Pubblicato il 7 febbraio 2013



Unico Società di capitali 2013: novità del modello; contributo di solidarietà pagato dai Commercialisti è illegittimo; fatture per operazioni inesistenti: cartiera solo per l’IVA; chiarimenti sull’apprendistato ed altre precisazioni in materia di lavoro; sanzioni tributarie: il principio del favor rei si applica anche d’ufficio ed in ogni stato e grado del giudizio; revisione dell’assetto organizzativo di taluni uffici territoriali;

 

 

Indice:

1) Contributo di solidarietà pagato dai Commercialisti illegittimo

2) Fatture per operazioni inesistenti: cartiera solo per l’Iva (imposte indirette)

3) Chiarimenti sull’apprendistato ed altre precisazioni in materia di lavoro

4) Sanzioni tributarie: il principio del favor rei si applica anche d’ufficio ed in ogni stato e grado del giudizio

5) Revisione dell’assetto organizzativo di taluni uffici territoriali: differita la decorrenza

6) Unico Società di capitali 2013: novità del modello

 

 

1) Contributo di solidarietà pagato dai Commercialisti illegittimo

E’ illegittimo il contributo di solidarietà pagato dai Commercialisti in pensione dal 1° gennaio 2007.

La Corte di Cassazione, con la sentenza depositata il 05 febbraio 2013, non ha ritenuto sufficiente a tal fine la norma della Finanziaria 2007 che sembrava aver messo la parola fine sulla questione contributiva che interessa i pensionati ante 2007.

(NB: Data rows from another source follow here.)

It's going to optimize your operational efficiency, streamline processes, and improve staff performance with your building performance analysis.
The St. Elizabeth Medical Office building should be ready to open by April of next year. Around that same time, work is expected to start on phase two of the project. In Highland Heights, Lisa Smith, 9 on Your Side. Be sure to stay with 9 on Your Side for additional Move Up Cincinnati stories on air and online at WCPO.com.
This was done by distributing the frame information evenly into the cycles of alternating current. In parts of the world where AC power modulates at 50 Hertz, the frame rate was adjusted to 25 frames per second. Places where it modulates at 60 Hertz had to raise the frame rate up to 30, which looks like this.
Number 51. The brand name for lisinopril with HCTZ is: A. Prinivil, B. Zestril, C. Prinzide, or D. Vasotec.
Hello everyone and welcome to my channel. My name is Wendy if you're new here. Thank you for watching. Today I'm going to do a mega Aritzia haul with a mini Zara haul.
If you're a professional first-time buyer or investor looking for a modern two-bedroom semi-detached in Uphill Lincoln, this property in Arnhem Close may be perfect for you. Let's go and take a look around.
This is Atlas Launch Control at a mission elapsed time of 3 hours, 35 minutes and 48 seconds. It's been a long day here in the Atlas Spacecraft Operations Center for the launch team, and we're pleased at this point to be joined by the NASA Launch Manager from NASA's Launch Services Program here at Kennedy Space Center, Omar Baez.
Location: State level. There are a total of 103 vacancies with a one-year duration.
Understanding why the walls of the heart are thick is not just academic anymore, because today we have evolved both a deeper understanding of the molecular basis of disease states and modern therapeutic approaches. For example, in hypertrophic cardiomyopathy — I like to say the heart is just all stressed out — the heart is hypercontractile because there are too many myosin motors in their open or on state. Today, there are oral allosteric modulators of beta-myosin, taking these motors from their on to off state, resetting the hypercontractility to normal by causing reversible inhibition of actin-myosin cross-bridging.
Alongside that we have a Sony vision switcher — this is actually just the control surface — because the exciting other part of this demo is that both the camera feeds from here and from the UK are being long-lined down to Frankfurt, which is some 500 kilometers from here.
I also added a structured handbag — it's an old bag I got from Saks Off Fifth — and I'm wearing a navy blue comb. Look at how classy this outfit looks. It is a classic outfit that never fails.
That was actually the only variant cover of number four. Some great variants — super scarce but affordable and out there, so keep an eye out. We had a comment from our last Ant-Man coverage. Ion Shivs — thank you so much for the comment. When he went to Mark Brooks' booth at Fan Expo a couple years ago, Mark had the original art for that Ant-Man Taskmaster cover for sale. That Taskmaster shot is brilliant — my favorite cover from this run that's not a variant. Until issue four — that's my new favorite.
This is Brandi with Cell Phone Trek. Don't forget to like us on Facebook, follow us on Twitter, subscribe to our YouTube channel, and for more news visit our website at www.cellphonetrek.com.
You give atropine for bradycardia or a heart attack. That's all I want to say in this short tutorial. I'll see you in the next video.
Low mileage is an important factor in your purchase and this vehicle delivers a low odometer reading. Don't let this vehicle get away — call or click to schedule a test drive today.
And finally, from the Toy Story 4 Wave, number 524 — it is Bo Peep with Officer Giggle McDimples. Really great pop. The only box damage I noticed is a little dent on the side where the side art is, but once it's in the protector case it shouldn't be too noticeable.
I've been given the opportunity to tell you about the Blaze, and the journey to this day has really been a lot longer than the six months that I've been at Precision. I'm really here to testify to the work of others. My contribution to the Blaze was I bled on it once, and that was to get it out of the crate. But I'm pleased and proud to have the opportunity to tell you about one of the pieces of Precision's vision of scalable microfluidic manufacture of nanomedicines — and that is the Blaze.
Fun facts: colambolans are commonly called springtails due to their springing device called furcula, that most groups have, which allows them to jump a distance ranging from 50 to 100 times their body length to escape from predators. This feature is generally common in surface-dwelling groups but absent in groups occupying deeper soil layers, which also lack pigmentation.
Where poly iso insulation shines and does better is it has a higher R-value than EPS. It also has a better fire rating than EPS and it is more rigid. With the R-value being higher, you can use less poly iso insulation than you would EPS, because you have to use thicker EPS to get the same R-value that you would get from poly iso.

La Suprema Corte ha, quindi, dato torto alla Cassa di previdenza dei Dottori Commercialisti che si era appellata per vedersi riconosciuto il diritto ad applicare la ritenuta dal 1° gennaio 2007 (pretesa accordata dalla sentenza di primo grado).

Si aprono le porte dunque ai pensionati per chiedere il rimborso di quanto eventualmente hanno continuato a pagare.

 

2) Fatture per operazioni inesistenti: cartiera solo per l’Iva (imposte indirette)

Il reato di utilizzazione fraudolenta in dichiarazione di fatture per operazioni inesistenti è integrato quanto alle imposte dirette dalla sola inesistenza oggettiva, mentre per l’Iva comprende anche la inesistenza soggettiva.

Lo ha stabilito la Corte di Cassazione con la sentenza n. 5505 del 04 febbraio 2013.

Nel caso di specie, esaminato dalla Corte di Cassazione, è risultato configurabile soltanto l’evasione in materia di imposte indirette.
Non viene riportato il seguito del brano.